Unforgettable, he will always be in my heart. Pak Pram was the one who made me a Schoolaholic in real term. He made me love every single lesson, thrist to know more... He made me realize that it's OK to believe in myself. He made my world every single day -- jadi kalau sakit rasanya rugi banget -- Yunisa harus diusir: jangan masuk, nanti temenmu ketularan! Baru deh gak masuk.
Cara dia nerangin itu fun abiz. Misal IPS, ibukota Tibet.
Pak Pram: "Kemarin hari apa?"
Murid: "Selasa."
Pak Pram: "Nah, ibukota Tibet itu Lasha."
Pelajaran EYD + grammar bahasa Indo dari Pak Pram, waduh, itu senjata yang bikin saya menang melawan guru-guru bahasa Indonesia di SMP-SMA (salut buat Pak Pram). Sampai sekarang saya masih bisa kalau disuruh nulis surat resmi kantoran berbahasa Indonesia resmi, tapi di KoKi -- biarlah lotek n gado-gado aja bahasanya hehehe =P
Pak Pram juga emphasized: "Anak-anak, saya cuma menerangkan bahan ini sekali! Gak bakal balik lagi ke bahan ini soalnya kalian kelas 6, harus persiapan ujian, semua bahan dari kalian kelas 1 harus dikuasai! Jadi kalau kalian nggak ngerti bab ini, ya harus tanya hari ini!" Aturan main itu saya pegang selama saya sekolah. Bahan yang diterangkan hari itu, harus dimengerti hari itu (tidak berhasil pas kuliah S1 jurusan matematika -- yang bikin saya mutung, banting setir jurusan S2nya).
Filosofi lain yang diajarkan: "Materi pelajaran itu seperti tepung. Kalau kalian menguasai tepungnya, disuruh bikin roti macem-macem juga bisa!
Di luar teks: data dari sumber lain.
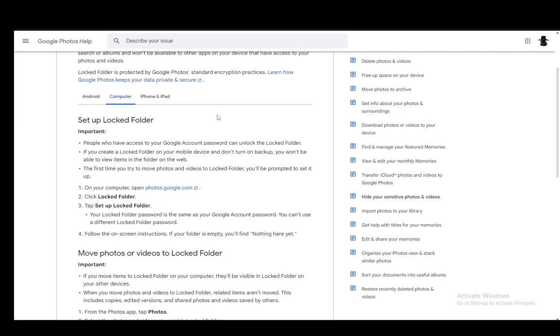And the first time you try to move photos to the locked folder, you'll be prompted to set the folder up. And the way you do this is you just go to photos.google.com, click locked folder, tap set up locked folder.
Soal-soal itu kan cuma perintah suruh bikin roti jenis apa!" Ini saya pegang sampai saya lulus SMA. Jadi kalau mau dikasih soal muter-muter kayak apa, asal saya menguasai materinya, saya punya keyakinan, pasti bisa dikerjakan.
Pak Pram itu guru sekaligus mbah dukun??? Karena saya ketua kelas, saya sering banget stay back, beresin kelas, diajak ngobrol istirahat, kalo ada tawaran lomba selalu dikasih tau pertama... Suatu hari pas belajar topik ASEAN, dia bilang kalau saya nanti di Singapura. Waktu itu saya cuma melongo aja. (Pak Pram punya kemampuan metafisik, dia juga bisa ngobati mata timbilen / bintitan dengan air putih yang dia doakan dulu).
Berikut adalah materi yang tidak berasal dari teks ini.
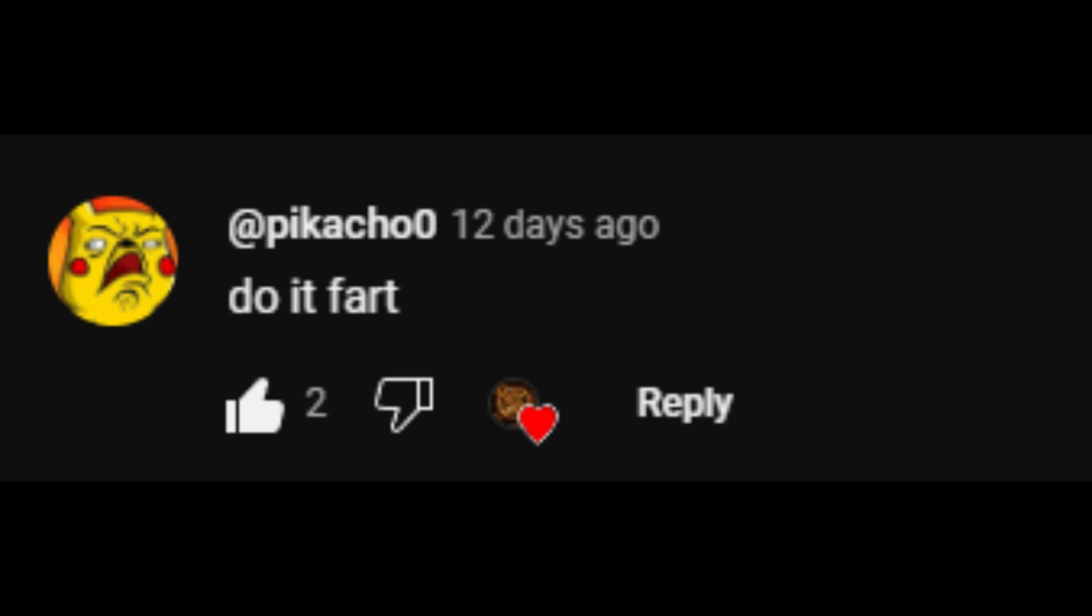Pikachu0 says, do it fart. Do it fart. You have it, ladies and gentlemen. Do it fart? Yes. Coming from da mom. Alright.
Terus kalau nerangin matematika, Pak Pram terang-terangan main "cepat tepat" -- yang tau jawaban tunjuk jari. Dan walau saya angkat tangan pertama, dia gak pernah suruh saya jawab, selalu dikasih temen lain dulu sebelum akhirnya ke saya. Dan pernah, jawaban saya itu beda sendiri sekelas (melawan 40 anak). Dialog berikut membangkitkan rasa super PD saya (di P4 dulu namanya asas kepercayaan terhadap diri sendiri).
Pak Pram: Yun, kamu yakin jawabanmu benar?
Saya: Ya!
Pak Pram: Gak takut tuh nanti kalau dimusuh teman-teman sekelas soalnya jawabanmu beda sendiri?
Saya: Ngapain takut, Pak?
Pak Pram: Bagus! Kalau kamu benar, harus berani mempertahankan jawabanmu, walau itu melawan sekelas! Memang jawaban yang benar jawabannya Yunisa.
Dan sering, kalau teman-teman lain semua udah stuck, couldn't solve the problem given by Pak Pram, baru Pak Pram minta saya explain ke kelas solusi saya. His approached in using me to explain my logic to the class really trained me in public speaking, scientific presentation. Pak Pram juga adalah guru pertama yang mengindikasikan kalau ketepatan pilihan kosakata saya "di atas rata-rata" teman-teman sebaya -- saya menganggap normal deh kalau nilai mengarang saya bagus (belum ada niat sama sekali jadi novelis waktu itu).
Segi fun Pak Pram: kalau sekelas bosen, takut ulangan pelajaran lain, tau-tau kita semua disuruh berdiri n nyanyi. Kadang suruh tepuk Pramuka. Rame deh!